Cheaper to use the horses?




Today there is a substantial movement back to horsepower 

By Rob Carrigan, robcarrigan1@gmail.com
On the ranch, my father said it was sometimes easier and cheaper to use the horses than to get the tractor going, especially for mowing hay. Today, with gasoline headed higher once again, maybe we are getting closer to a time when a bag of oats makes as much fuel sense as feeding the John Deere.
If a person drives around the Tri-Lakes area, there is plenty of horse-drawn equipment now serving as lawn ornaments that once plowed, raked, bailed, cultivated, threshed and dug potatoes.
Wouldn’t it be interesting to know a few of those antique implements’ story?
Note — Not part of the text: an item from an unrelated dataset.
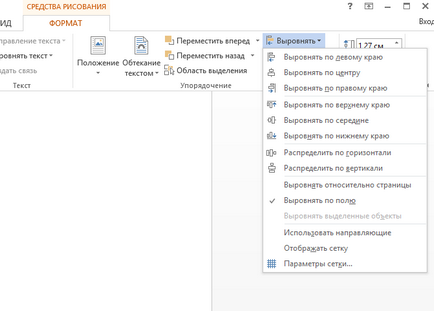 Животът хакване Животът хакване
Perhaps there are a few of you out there that know those stories?
Perry E. Gresham tells of a close call while raking hay in “The Divide Country” near Elbert in his book “Growing up in the Ranchland.”
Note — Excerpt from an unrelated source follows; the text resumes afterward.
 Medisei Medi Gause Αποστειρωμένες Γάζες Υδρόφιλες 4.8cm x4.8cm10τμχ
“Ranching and farming in those early days was much more rugged than it is today. The technological revolution has influenced the rural way of life. We did many things that are mechanized today.”
By way of example, Gresham talks of the potential danger. “We had mowing machines drawn by horses. The sickle needed sharpening from time to time, which was accomplished by stone wheel or a hand tool. After the hay was cut, we allowed it to dry for a day or two before we moved in with a horse drawn hay rake. When we worked frisky horses, these were dangerous occupations. I had a team run away when I was raking hay. The bumpy ride knocked me off my seat and down to where the tines were about to roll me over and over. I held on to the reins with the grit of a strong young country boy, and by the grace of God, the horses came to a standstill. I was fortunate enough to avoid an accident with the rake.”
The first half of the 19th Century was an age of discovery for farm implementation. Men like Jerome Case, Cyrus McCormick and John Deere successfully developed huge manufacturing facilities that began producing equipment that made the farming job that much easier than the old “scatch” endeavors up until then, writes Sam Moore in the “History of Horse-Powered Farming in America.”
“By 1900 sophisticated farm machines became available that embodied the principles of many of today’s modern implements. They performed nearly all the tillage, cultivation, or harvesting operations on progressive farms of the day. In some areas steam traction engines were being used for threshing or plowing, but they were too large, heavy and expensive for most farmers. The new implements were virtually all animal-powered. Even after the introduction of gas tractors, automobiles, and trucks during the first decade of the 20th century, the horse and mule population in the United States continued to grow until it reached the all-time high of 26.4 million animals in 1918,” writes Moore.
But for the next two decades, a real push to the gasoline tractors by agriculture colleges, extension agents, and equipment salesmen took its toll and by 1950, hardly anyone was still using draft animals.
Today there is a substantial movement back to horsepower in some organic farming circles as modern-day draft farmers claim farming with horses does less damage to land than gas-powered heavy machinery and reduces reliance on fossil fuels.
But before we get all fired up to switch to back draft-horse farming is this area, we need to consider some other factors.
The historic record indicates that it was a bit cooler and wetter back in the days of horses and hand implements in these parts. Rogers Davis, long-time director of the Lucretia Vaile Museum notes that you couldn’t hope to grow three-pound potatoes and get 383 wagonloads full with dry-land tactics in the modern age. All we need is a little water, and cool weather to go with our horsepower.